Jakarta – Pengadilan Negeri Jakarta Pusat menggelar sidang perdana kasus gugatan perdata senilai Rp125 triliun terhadap Wakil Presiden RI, Gibran Rakabuming Raka, hari ini, Senin (8/9/2025).
Seorang warga negara mengajukan gugatan melalui kuasa hukumnya, Subhan. Nomor perkara tercatat sebagai 583/Pdt.G/2025/PN Jkt.Pst. Selain Gibran, Komisi Pemilihan Umum (KPU) RI juga masuk dalam daftar tergugat.
Ijazah Gibran Jadi Inti Gugatan
Subhan menyebut Gibran tidak memiliki ijazah SMA sederajat yang sah berdasarkan hukum di Indonesia. “Gibran enggak punya ijazah SMA sederajat,” ujar Subhan lewat pesan singkat.
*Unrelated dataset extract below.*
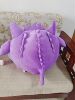 Funny helmet, plush pillow, toy, duvet for sleep, Gengar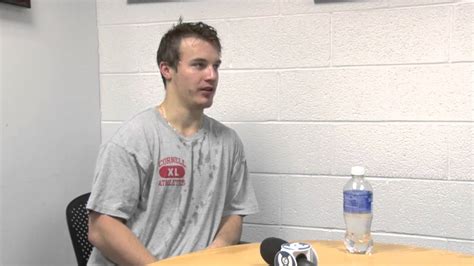 Postgame Interviews Cornell Men S Ice Hockey Vs U S Ntdp U S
Data dari infopemilu.kpu.go.id menunjukkan Gibran menempuh pendidikan di Orchid Park Secondary School, Singapura (2002–2004) dan UTS Insearch, Sydney (2004–2007). KPU menganggap kedua sekolah itu setara dengan SMA.
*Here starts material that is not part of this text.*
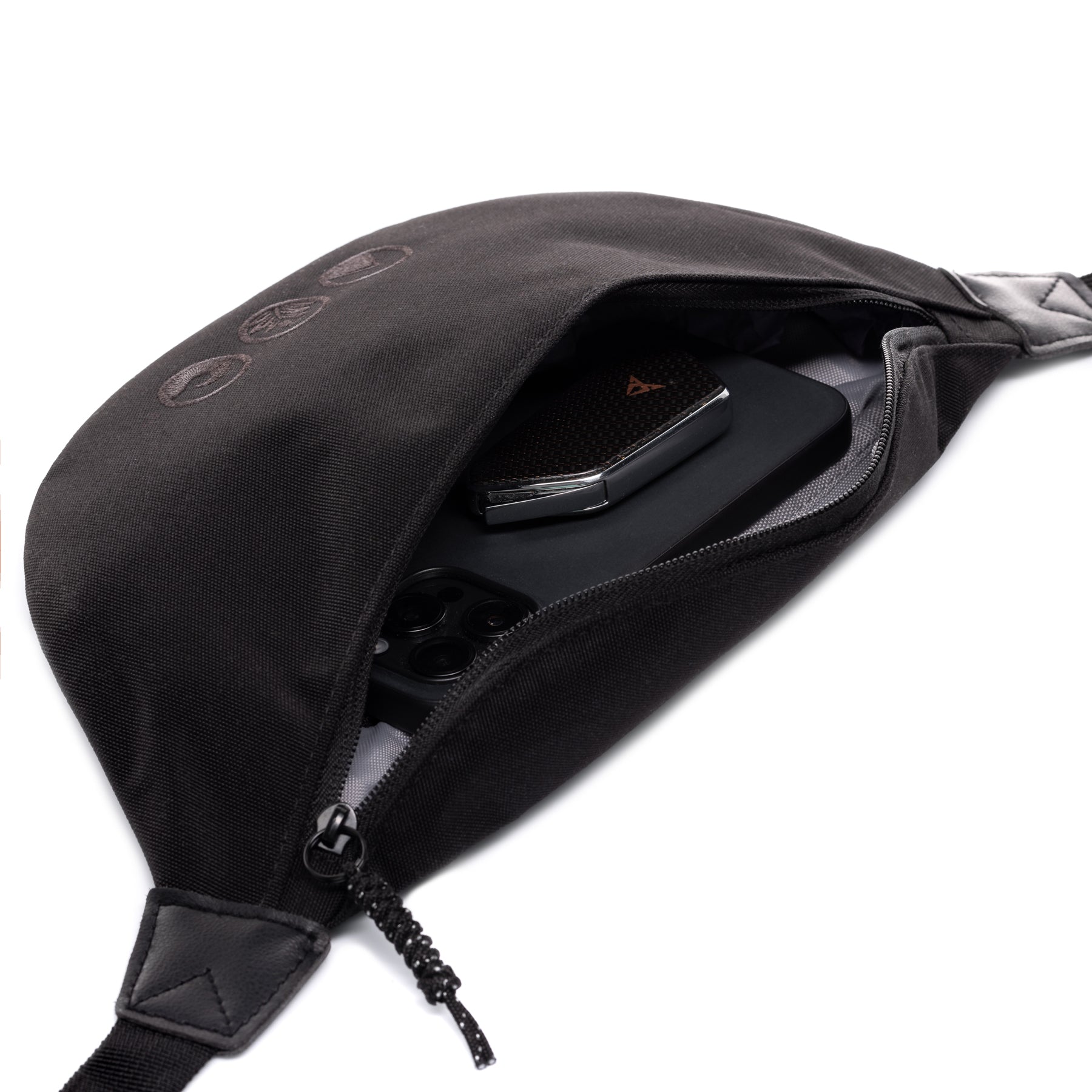 SONS OF ALOHA Rucksack Backpack Bauchtasche Hip Bag schwarz 44094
Namun, menurut penggugat, Gibran tidak menempuh pendidikan di lembaga yang berada di bawah sistem hukum nasional. Hal ini dianggap melanggar syarat pencalonan sebagai wakil presiden.
Baca Juga: Jet Li Ungkapkan Kebenaran Kesehatan Hingga Angkat Tumor
Penggugat Desak Pembatalan Jabatan Wapres
Dalam petitumnya, penggugat meminta hakim membatalkan jabatan Gibran sebagai Wakil Presiden periode 2024–2029.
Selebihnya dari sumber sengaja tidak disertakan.